TO DO
Restate the full listing word for word; images stay out of it.

DATASET EXCERPT
◆ ◆ ◆ ◆ ◆

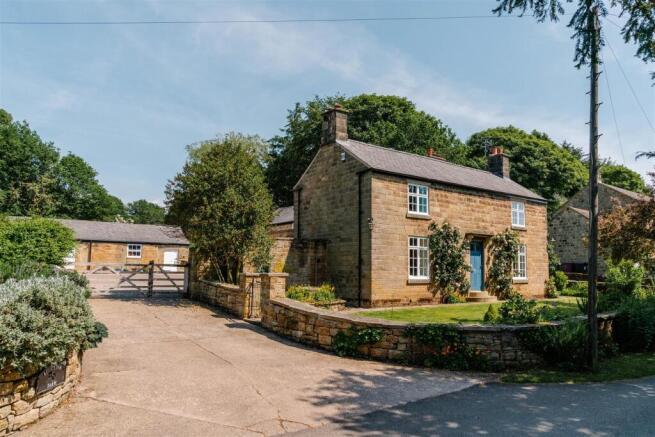 6 bed property, in Kelstedge Farm, £1,000,000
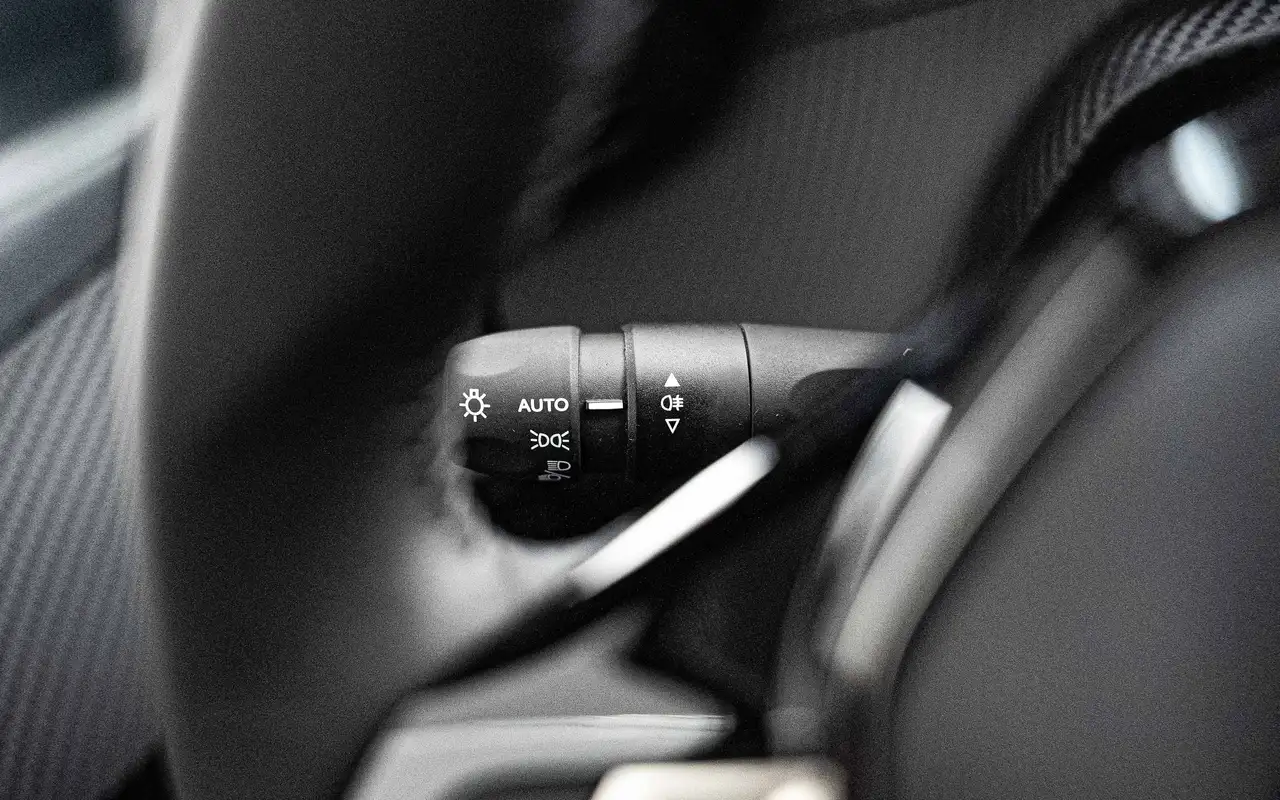 Peugeot 208 1.2 Turbo Allure 23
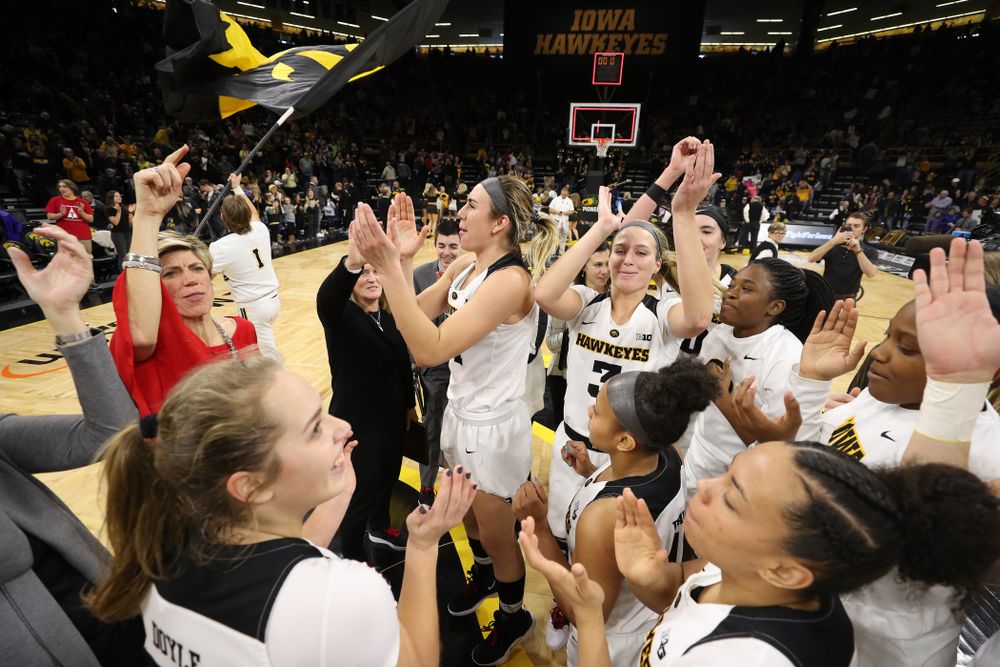 The Iowa Hawkeyes celebrate their win against the Purdue Boilermakers Sunday, January 27, 2019 at Carver-Hawkeye Arena. (Brian Ray/hawkeyesports.com)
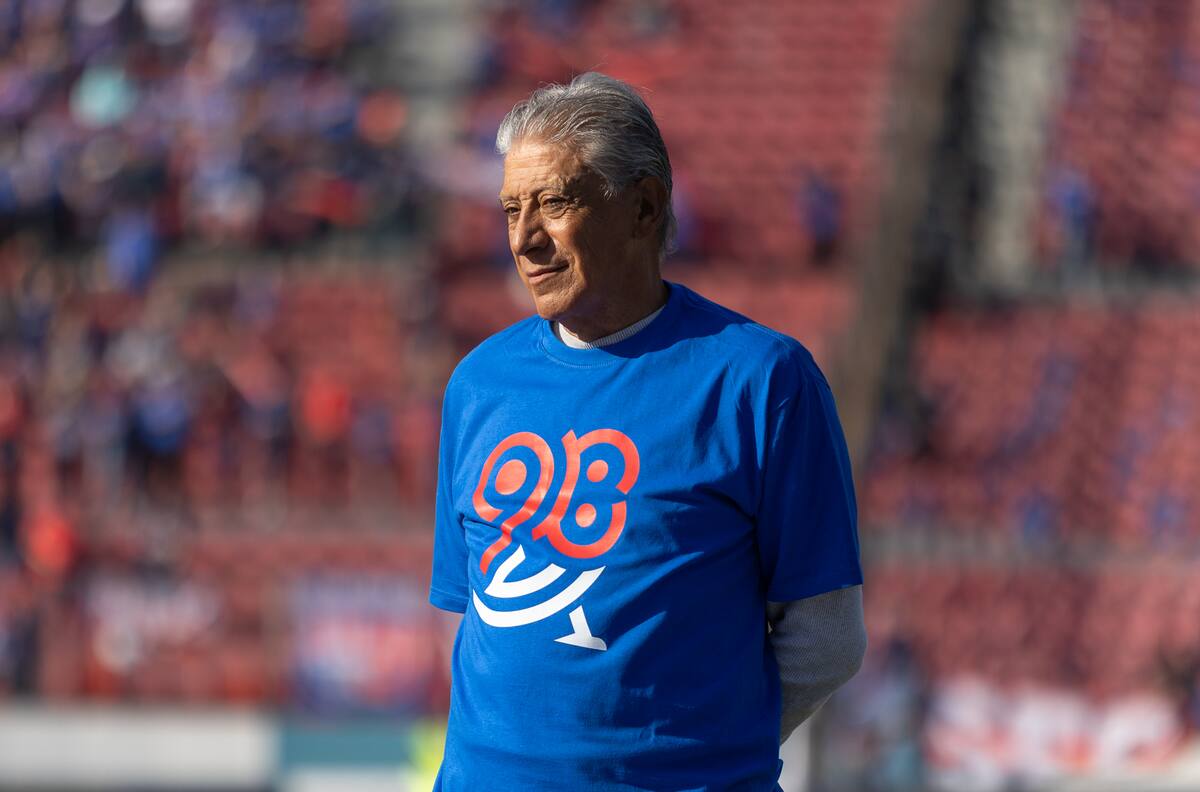 “En la U, toda mi ropa era azul, cuando llegué a Colo Colo me dijeron que se usaba el blanco. La cambié y hasta hoy me respetan”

◆ ◆ ◆ ◆ ◆

EXERCISE RESULT
 6 bed property, in Kelstedge Farm, £1,000,000
 Peugeot 208 1.2 Turbo Allure 23
 The Iowa Hawkeyes celebrate their win against the Purdue Boilermakers Sunday, January 27, 2019 at Carver-Hawkeye Arena. (Brian Ray/hawkeyesports.com)
 “En la U, toda mi ropa era azul, cuando llegué a Colo Colo me dijeron que se usaba el blanco. La cambié y hasta hoy me respetan”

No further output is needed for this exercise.